Agonist-dependent cannabinoid responses must be quantified in a way that is amenable to statistical comparison in order to draw reliable conclusions about bias [16]. Methods that compare the E_max, EC₅₀, or whole dose–response relationships of two ligands have been used as a means of indirectly assessing ligand bias [reviewed in [17]]. However, these comparisons do not control for possible differences in assay system, cell type, or receptor density and so cannot be considered as direct determinations of ligand bias [18]. The operational model described by Black and Leff [19] accounts for differences in assay system, cell type, and receptor density (Box 3) [18]. The operational model has emerged as the most-robust analytical tool for the quantification of ligand bias.
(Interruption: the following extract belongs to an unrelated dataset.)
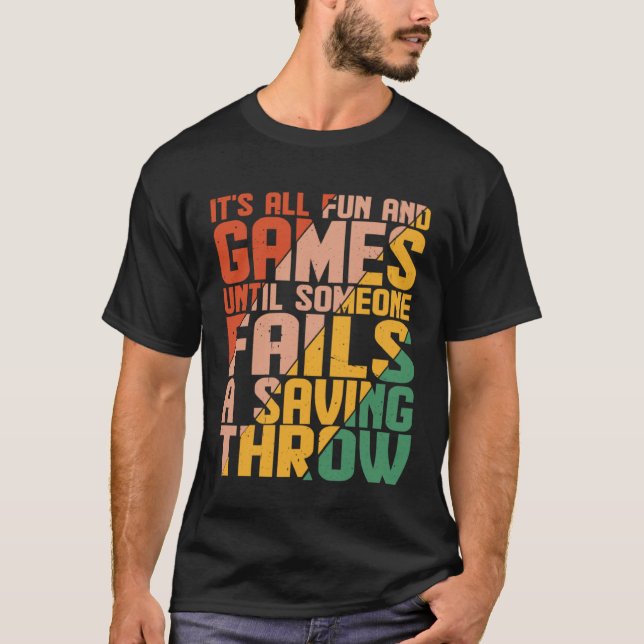 It s All Fun Until Someone Fails A Saving Throw T-Shirt (Vorderseite)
Although the operational model has only been applied to cannabinoid receptor research in the last 2 years, we have used this model to demonstrate that CB₁ ligand bias can be readily defined and exploited to produce specific pharmacological effects or avoid specific side and adverse effects [2^•].
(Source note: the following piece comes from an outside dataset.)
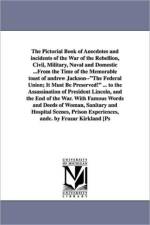 The Pictorial Book of Anecdotes and incidents of the War of the Rebellion, Civil, Military, Naval and Domestic ...From the Time of the Memorable toast of andrew Jackson--The Federal Union; It Must Be Preserved! ... to the Assassination of President Lincol af Richard Miller] [Devens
Currently, there is active investigation of biased agonists cannabinoid receptors because these receptors signal via multiple effector proteins and mediate multiple effects in vivo [5, 6]. Significant gaps remain in our understanding of pharmacodynamic properties of cannabinoids despite the long history of medicinal and recreational use of phytocannabinoids, including Δ⁹-tetrahydrocannabinol (THC) and cannabidiol (CBD). The connections between cannabinoid ligand bias, system bias, and physiologic effect have not yet been established for cannabinoid receptors, as they have been for other receptors such as β-adrenoceptor [21] and μ-opioid receptor [22]. In this review, we will discuss the current state of knowledge for cannabinoid ligand bias at the major cannabinoid receptors, provide an example of how cannabinoid ligand bias can be applied to HD, and discuss important considerations for the development of biased cannabinoids as drugs.